Unfortunately, a PDC video continues taping through commercials. The technology does exist to break the recording with an agreed-on PAUSE signal, but (a) it might create more work for the broadcaster, and (b) it might offend advertisers - some of whom happen to be VCR manufacturers.

If you wish to PDC time-record overlapping programmes, priority is given to the PIL of the show already taping - PDC works on a programme-to-programme basis, so to record two consecutive shows you have to set the PDC for each one individually.

If you adjust a TV's vertical hold, you'll see a black band with rows of twinkling dots - the "Vertical Blanking Interval", wherein the teletext scanlines are transmitted. Each teletext page contains a number of lines, each sent as a discrete packet of 40 bytes.

Who does PDC?

Channel 4 was first to install PDC in Britain, in 1994, followed by BBC 2 in 1995. A PDC service for BBC1 was advertised on Ceefax p697 (the PDC info page), but there's no longer any mention of it. The main problem is regional opt-outs. Extra equipment would be needed to deal with a separate PDC Service for, say, BBC Northern Ireland with its own programmes and time shifts. The ITV companies are planning a network-wide PDC system with regional opt-outs, while Channel 5 broadcast a full PDC service from day one.

At present, RTE has no immediate plans to implement a PDC service although the Aertel team is aware of developments in this area. However chary of the costs involved, they will be looking into it at the upcoming biennial conference on TV technology in Montreux. Meanwhile there are more pressing items on their agenda, such as the development of their interactive teletext service (a phone in one hand, a zapper in the other)..

The future

Although it has yet to be ratified by the European Broadcasting Union, PDC is a European standard which was set out in 1992, and the service has been available from public broadcasters in Belgium, the Netherlands, Finland and France for some time (Germany uses a variant called VPS - Video Programming System).

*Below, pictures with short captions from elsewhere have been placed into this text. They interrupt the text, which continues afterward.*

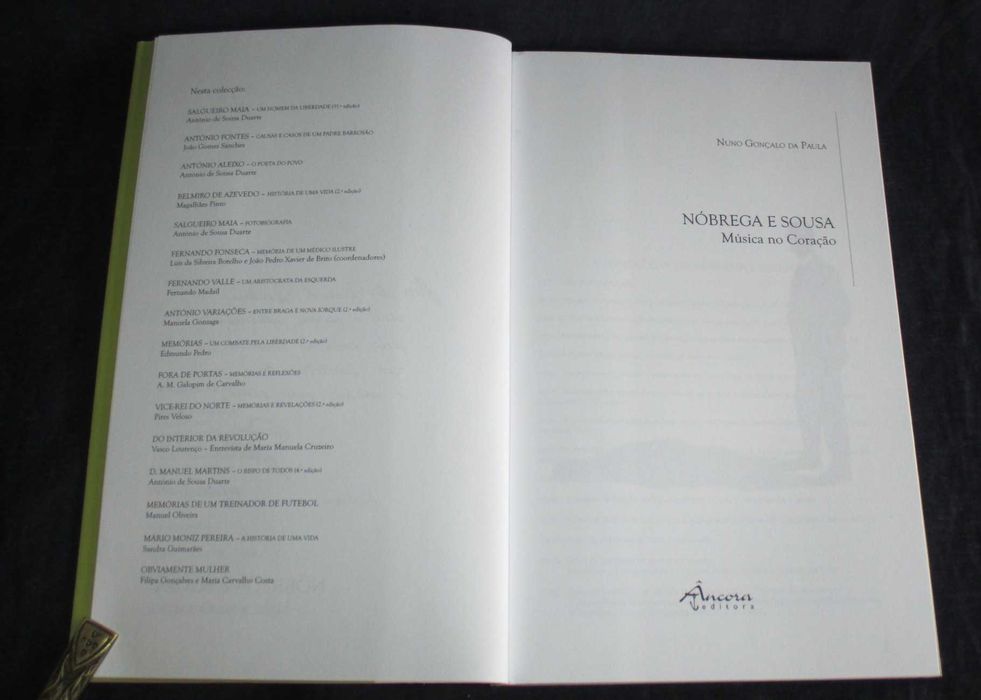Livro Nóbrega e Sousa Música no Coração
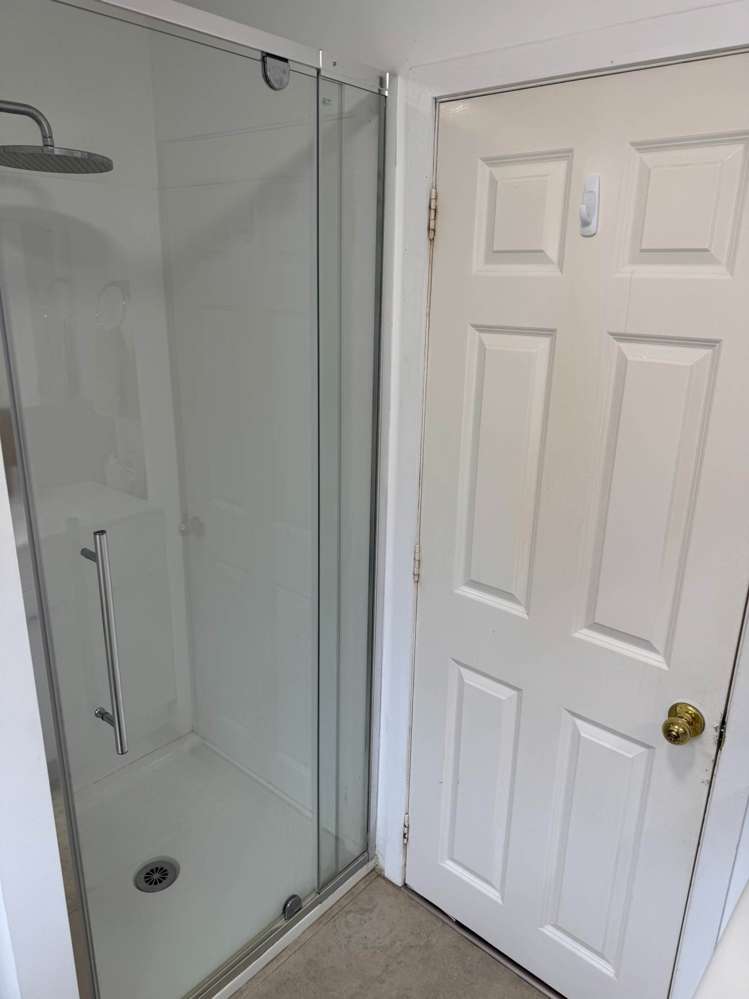 6b Millbrook Road Henderson_11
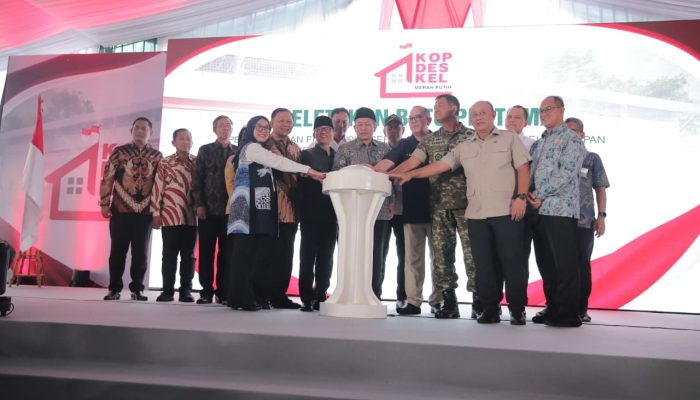 Mendes Yandri Bersama Wakil Panglima TNI Lakukan Groundbreaking Kopdes Merah Putih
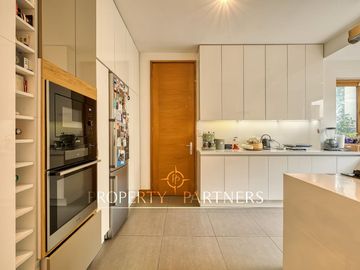 Moderna casa en Venta mediterránea con segunda casa nueva en Lo Curro Vitacura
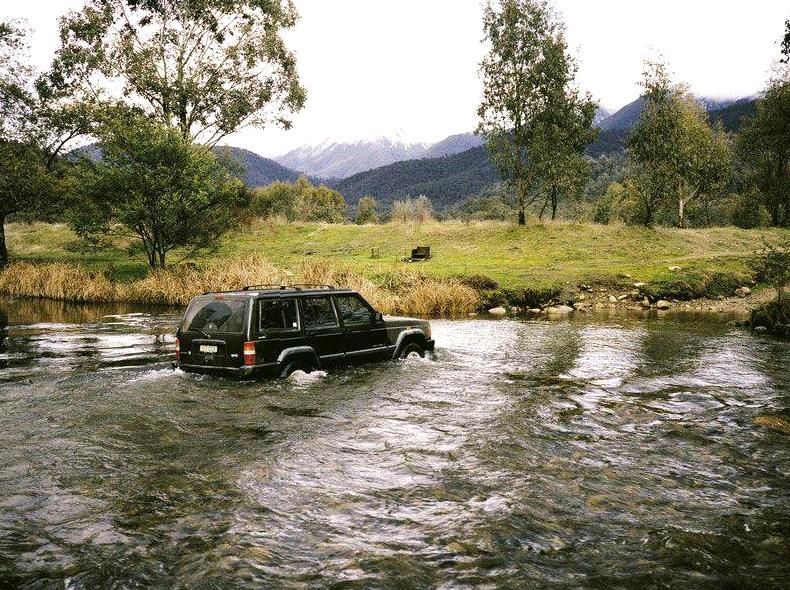 Tour Through the Rugged Four-Wheel-Drive Tracks: Take on the park’s four-wheel-drive tracks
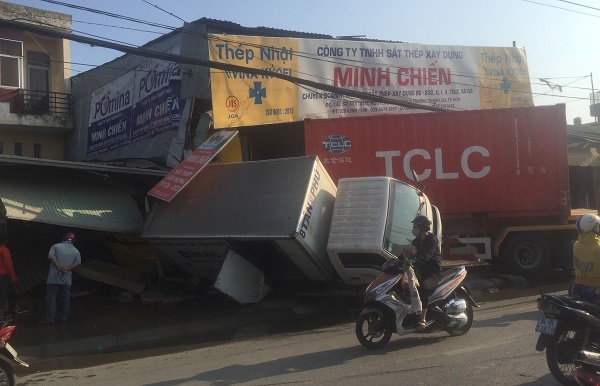 Xe container ‘xé toạc’ nhà dân, tài xế ngủ luôn trong cabin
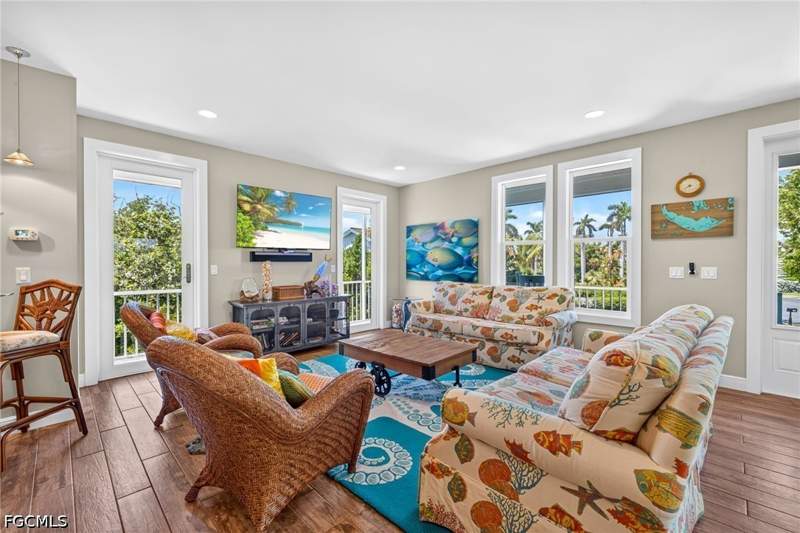 5 bedroom SingleFamilyResidence at 133 Butterknife Pl, Butterknife, Sanibel — photo 3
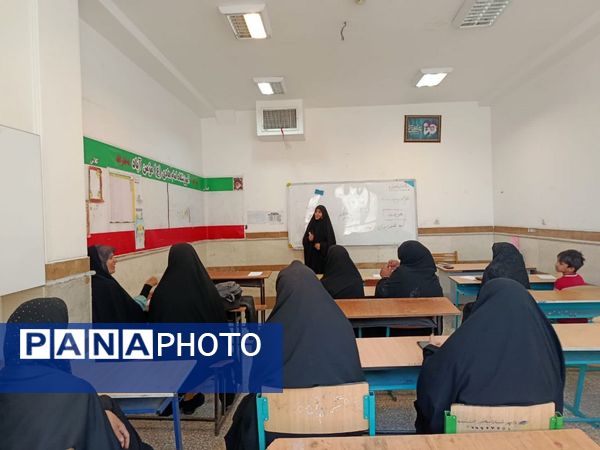 فعالیت جهادی دانشجومعلمان قم در روستای مومن آباد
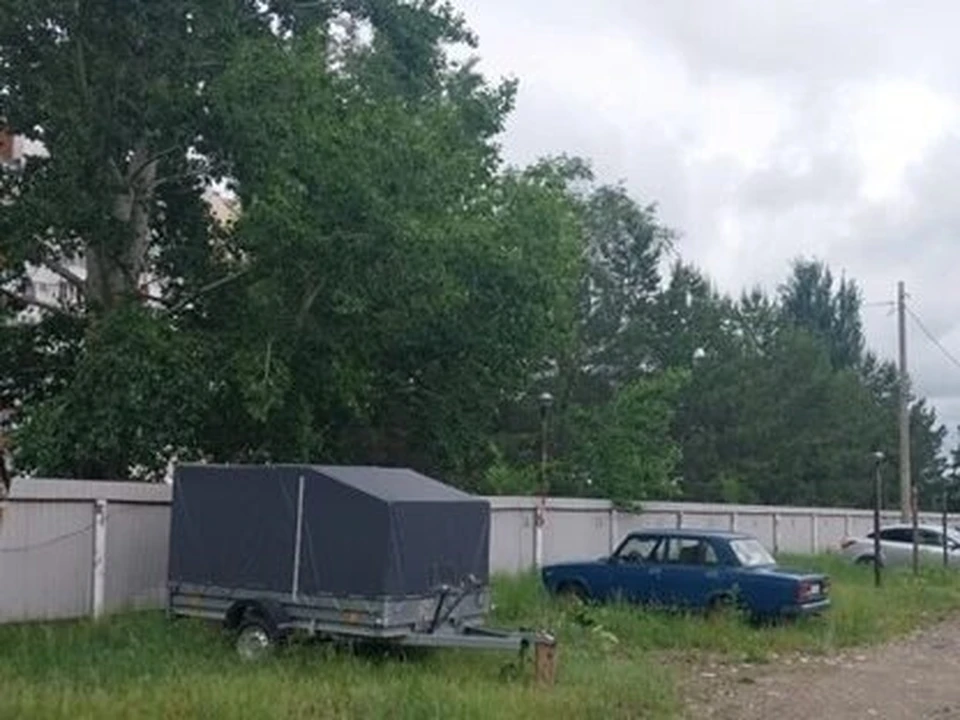 В Заволжье Ульяновска демонтируют незаконные шлагбаум и ограждение. ФОТО: администрация Ульяновска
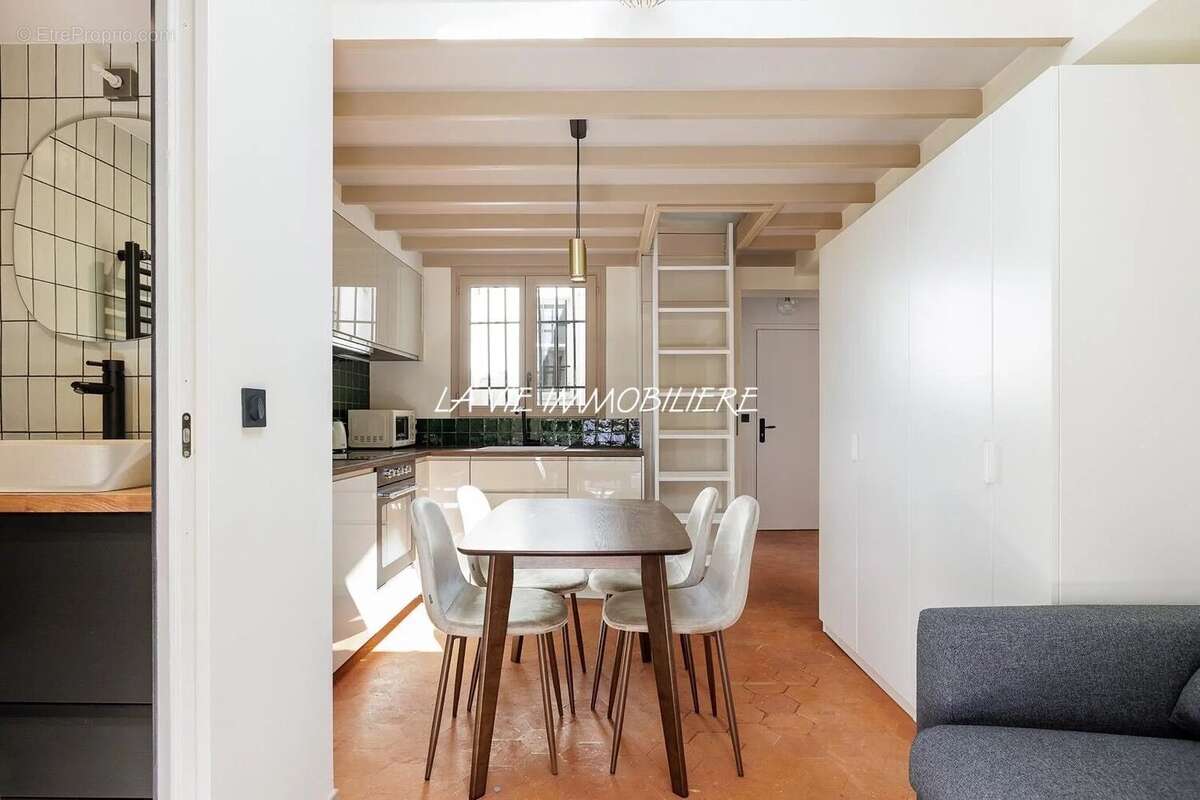 Appartement à PARIS-6E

But it is only slouching towards any real kind of industrial acceptance. Minor differences in the way broadcasters have implemented it - and the programming protocols of different manufacturers - have created glitches. Some models continue taping for a short time after a programme has finished, getting ads and trailers - or worse, when taping two programmes in a row, snipping into the opening credits of the second programme - particularly on BBC 2, which uses overlapping PDC codes, unlike C4. (Also unlike C4, there are no ads, so programmes are closer together).

Other problems arise due to the way Channel 4 first implemented its service (without a stop signal). Some manufacturers programmed their machines to keep taping for a while after the PDC pulse has lapsed, lest it be lost temporarily, or in case "the programme comes back" - like an ITV film, broken by the News at Ten. Another horrible gremlin surfaced (but has since been remedied) on Channel 4 when a programme ran late: the VCR would record for 30 seconds, then stop for 30 seconds, then record for 30 seconds, ad total irritatum.

At this stage, it is difficult to tell what kind of life PDC will enjoy, before digital television renders it redundant in its current form. In the meantime, long live the new digital flesh.

For a more technical account of PDC, try http:// www.users.dircon.co.uk/ bandc.a.wiseman/625/pdc.htm

Mic Moroney is at: micmoroney@hotmail.com

Coded messages

A PDC pulse contains the programme's identity label (or PIL) plus other information such as a hexadecimal number for the country, TV channel, date, start-time, etc.

Other PDC codes are like impossible dates or times. 31:63, for example, is the Timer Flag, which forces the VCR to revert to its own clock setting. "Stop recording" is 30:63, "Pause" is 29:63, while 28:63 is "Unpause".

Another code is the Programme Indicator Type (PTY), a tag for designating a type of programme, or even a particular series - so that if you're out of town for a week, you can record, say, all science or sport programmes. C4 designates episodes of Brookside as PTY number 81, the Brookside omnibus as 82, C4 News as 83 and so on. There's also a sobering Alert code, for recording any news-flashes or announcements of national emergency.